Una persona a la que el resto le decía "comisario" afirmó que "si lo dejamos vivo va a identificar a todos". Castro logró meterse al círculo y con un pie a cada lado del cuerpo del prisionero lo cubrió por un momento de las patadas. Fue un instante y el hombre pudo ver enfrente de él los barrotes de la escalera... ¿podría saltar por el hueco hacia la planta baja? Encogió las piernas y saltó con todas sus fuerzas, pero se encontró de pie todavía a unos pasos de los primeros escalones. "¡Se escapa!", gritó Rúbeo y alzó su 45 con las dos manos. Castro volvió a interponerse y quedó en la línea de tiro; durante algunos segundos los tres se movieron sobre un mismo plano vertical.

"¡Córrete que les voy a mostrar lo que hacemos con estos mierdas los muchachos de la Carne!", gritaba Rúbeo buscando un ángulo para disparar, mientras el prisionero saltaba sobre la baranda y caía a un descanso a mitad de la escalera. El hombre rodó y se dio cuenta que estaba en la planta baja. Muy cerca, los porteros, atónitos, miraban sin entender qué estaba ocurriendo ni reaccionar de ninguna forma. 

El convidado de piedra no vio la puerta giratoria porque la sangre le cubría los ojos, chocó con ella y volvió a caer. Pero se levantó y corrió hacia la calle. El aire fresco de la noche le indicó que estaba en la vereda. Se limpió los ojos con la mano y se alejó hacia la calle Maipú, en dirección al pequeño museo militar rodeado de cañones antiguos.

Caminó lo más rápido que pudo y cuando se dio vuelta para ver si lo seguían, vio que Antinori y otras personas salían del Círculo Militar en la dirección contraria.
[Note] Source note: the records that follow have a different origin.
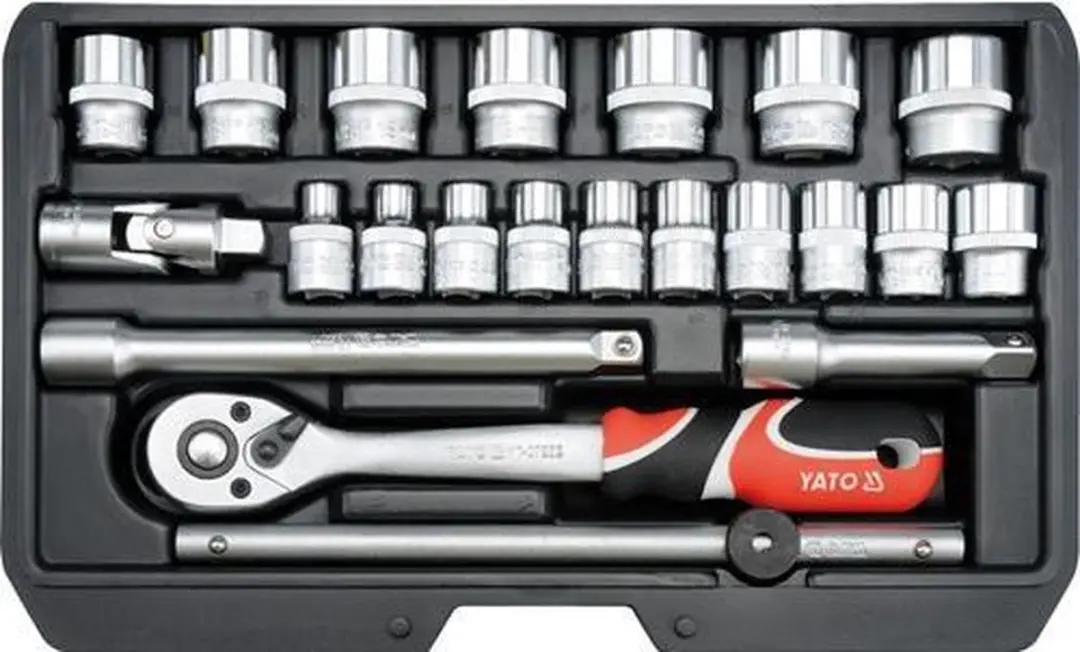 Yato YT38561 Doppenset 3/8"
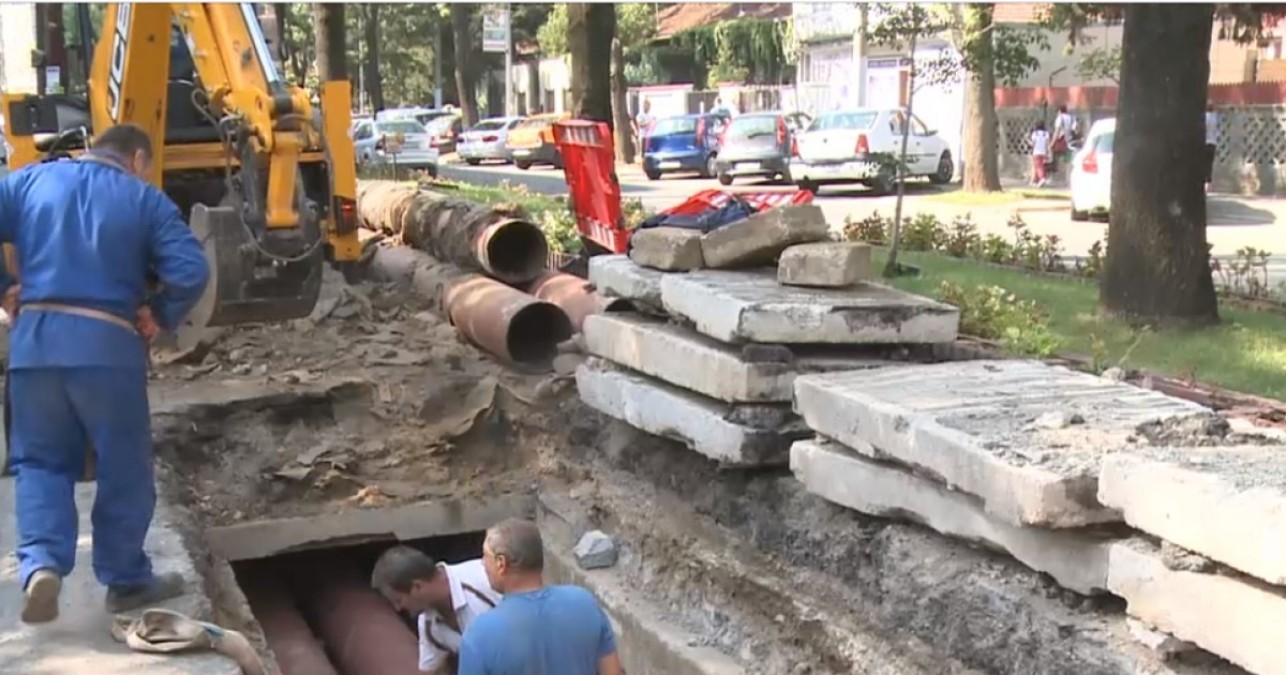 Lucrări la rețea - Foto: Digi24
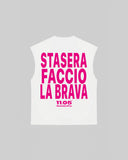 "STASERA FACCIO LA BRAVA" Tank Top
Al llegar a la esquina vio un taxi detenido por un semáforo rojo, abrió la puerta y le pidió al conductor que se alejara lo más rápidamente que pudiera. El taxista no se impresionó, apretó el acelerador y cruzó el semáforo en rojo; varias cuadras después preguntó "¿A dónde lo llevo?". 
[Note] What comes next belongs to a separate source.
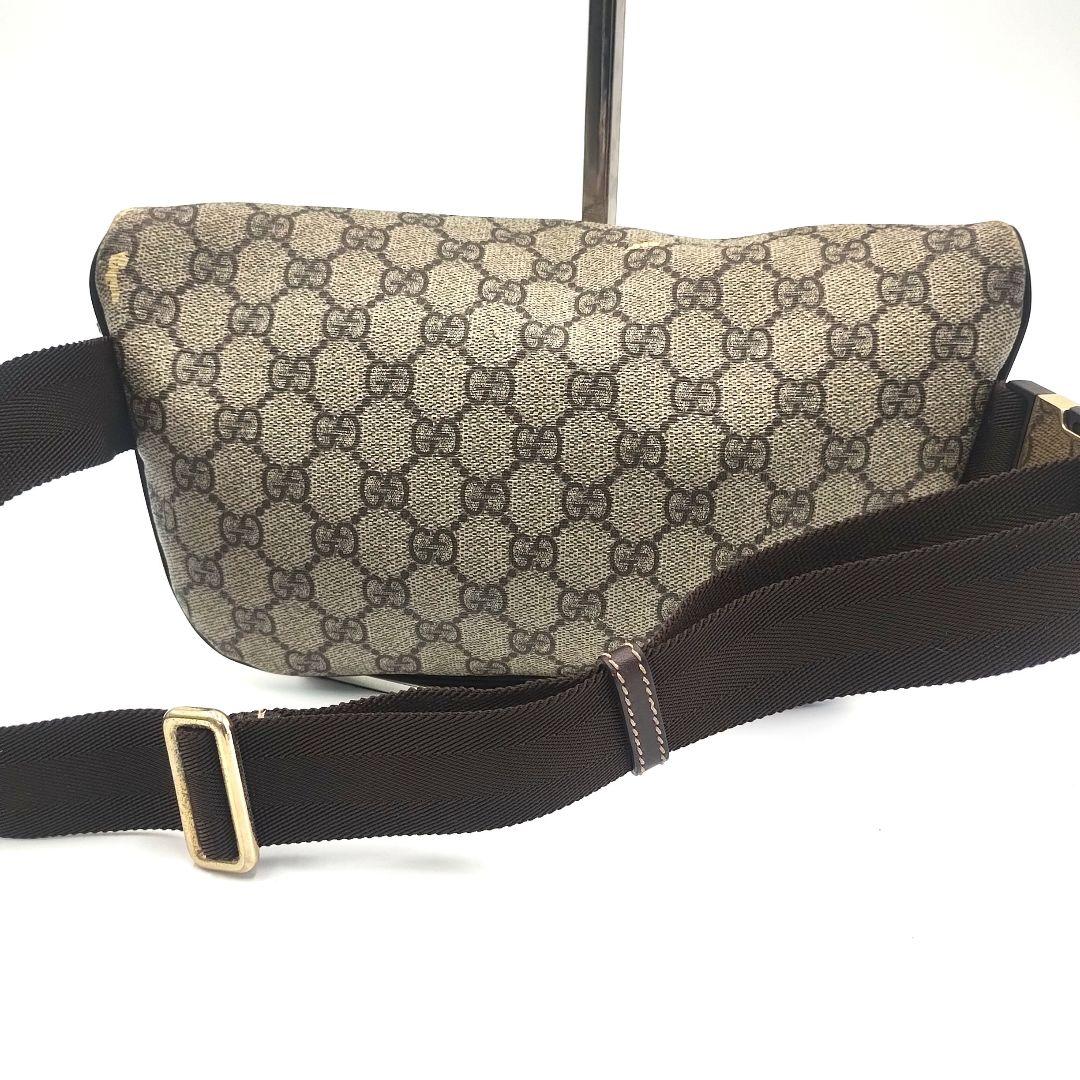 GUCCI グッチ GGスプリーム ウエストバッグ 233269・520981 - メルカリ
El invitado-prisionero-prófugo, se limpió la cara con un pañuelo del taxista. Estaba dolorido pero no aturdido. Se fue a su casa a buscar a su esposa y de allí a un lugar más seguro. Mientras le curaba la herida en la frente apoyó la mano sobre la máquina de escribir y apretó algunas teclas; escribió algunos nombres que nunca olvidaría y ciertas frases que escuchó esa noche —nombres y frases que eran el preludio de una época sangrienta. Había comenzado a escribir este libro.